Sim Chee Yuong
24 April 2016
The objectives for this Capstone Word Prediction Project are to perform exploratory analysis, to understand and to build predictive text models. Natural Language Processing (NLP) concept has applied to the exploration and analysis of this project.
N-gram model has been used to explore and to develop the algorithm implementation for this project. A text processing with 'Stupid Backoff' algorithm has been implemented to deal with an unseen next word prediction.
Nevertheless, the implementation of this algorithm to this application are met with the SwiftKey's objectives to meet the speed, enhance the efficiency and achieve the accuracy.
An N-gram is a sequence of N words. An N-gram model is a language model that assign probability to sequence of words. A bigram is a two word sequence of words, a trigram is a three word sequence of words and a quadgram is a four word sequence of words.
Markov assumption is used when we use a N-gram model to predict the conditional probability of the next word. It assumes that the probability of a word and it depends only on the previous word.
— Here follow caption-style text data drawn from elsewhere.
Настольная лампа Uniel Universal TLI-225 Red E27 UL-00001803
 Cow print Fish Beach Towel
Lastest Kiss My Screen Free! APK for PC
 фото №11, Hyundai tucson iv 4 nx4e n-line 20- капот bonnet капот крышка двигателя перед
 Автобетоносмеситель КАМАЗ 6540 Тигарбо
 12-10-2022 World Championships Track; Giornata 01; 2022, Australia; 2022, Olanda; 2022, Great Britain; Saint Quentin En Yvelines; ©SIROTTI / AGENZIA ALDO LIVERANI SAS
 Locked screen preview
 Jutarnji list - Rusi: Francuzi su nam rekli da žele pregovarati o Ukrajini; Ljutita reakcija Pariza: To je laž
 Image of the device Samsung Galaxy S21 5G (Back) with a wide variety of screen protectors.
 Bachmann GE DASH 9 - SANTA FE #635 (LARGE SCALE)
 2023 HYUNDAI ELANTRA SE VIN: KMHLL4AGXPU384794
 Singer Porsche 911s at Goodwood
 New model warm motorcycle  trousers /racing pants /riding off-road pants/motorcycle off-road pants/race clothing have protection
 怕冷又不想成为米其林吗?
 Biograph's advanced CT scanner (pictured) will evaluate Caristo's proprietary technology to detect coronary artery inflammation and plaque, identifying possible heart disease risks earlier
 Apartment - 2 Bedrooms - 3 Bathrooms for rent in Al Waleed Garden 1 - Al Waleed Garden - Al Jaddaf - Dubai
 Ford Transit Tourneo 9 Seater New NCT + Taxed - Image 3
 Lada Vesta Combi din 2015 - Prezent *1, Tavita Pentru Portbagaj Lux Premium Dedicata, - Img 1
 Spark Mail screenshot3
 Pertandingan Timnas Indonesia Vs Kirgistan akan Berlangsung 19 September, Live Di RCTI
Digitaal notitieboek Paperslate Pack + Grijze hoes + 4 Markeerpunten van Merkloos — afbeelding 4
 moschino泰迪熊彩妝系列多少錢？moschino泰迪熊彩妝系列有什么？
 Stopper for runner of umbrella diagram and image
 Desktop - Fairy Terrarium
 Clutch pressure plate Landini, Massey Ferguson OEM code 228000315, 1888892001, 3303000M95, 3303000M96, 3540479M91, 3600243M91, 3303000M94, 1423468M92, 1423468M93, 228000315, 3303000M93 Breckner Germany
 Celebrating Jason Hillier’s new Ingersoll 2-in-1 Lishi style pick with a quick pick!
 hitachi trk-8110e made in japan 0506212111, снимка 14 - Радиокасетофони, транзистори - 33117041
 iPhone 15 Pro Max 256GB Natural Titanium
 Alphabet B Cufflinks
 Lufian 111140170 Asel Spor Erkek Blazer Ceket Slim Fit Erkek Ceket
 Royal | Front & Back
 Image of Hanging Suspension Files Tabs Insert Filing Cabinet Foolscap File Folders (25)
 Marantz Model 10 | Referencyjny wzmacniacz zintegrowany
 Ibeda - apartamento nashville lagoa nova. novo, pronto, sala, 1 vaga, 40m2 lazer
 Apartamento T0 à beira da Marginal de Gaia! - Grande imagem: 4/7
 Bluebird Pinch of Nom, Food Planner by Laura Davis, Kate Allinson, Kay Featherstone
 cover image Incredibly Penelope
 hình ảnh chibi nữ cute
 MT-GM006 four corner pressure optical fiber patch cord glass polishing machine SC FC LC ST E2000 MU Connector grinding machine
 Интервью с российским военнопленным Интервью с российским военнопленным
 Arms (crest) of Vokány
In this model, our n-grams are unigram, bigram, trigram and quadgram. N-grams has been set up for the text processing and the implementation of algorithm.
Smoothing techniques are used when we have the unseen words. By using the Smoothing techniques, the probability will be assigned, and, hence, the techniques help to reduce or minimize the effect of variations when we predict for the next word.
A most simplest algorithm, stupid backoff is introduced in this next word prediction model. Stupid backoff does not generate normalized probabiities and does not apply any discounting method. The algorithm directly uses the relative frequencies to predict the outcomes. Most importantly, using Stupid backoff is inexpensive and sufficient to be used for a larger datasets.
Instructions
1) Input a text or a sentence into the text bar provided.
2) Press Enter once you have confirmed your text.
3) Wait for a moment while the predictor is running.
4) The word with the greatest frequency will be shown with a light
purplish red color.
5) A summary table for other words with a higher frequency will be
shown at the right screen.
Note: This application is not able to function with the input of punctuation, number or space.
Shiny App Url: https://cheeyuong.shinyapps.io/Capstone_NLP_Apps/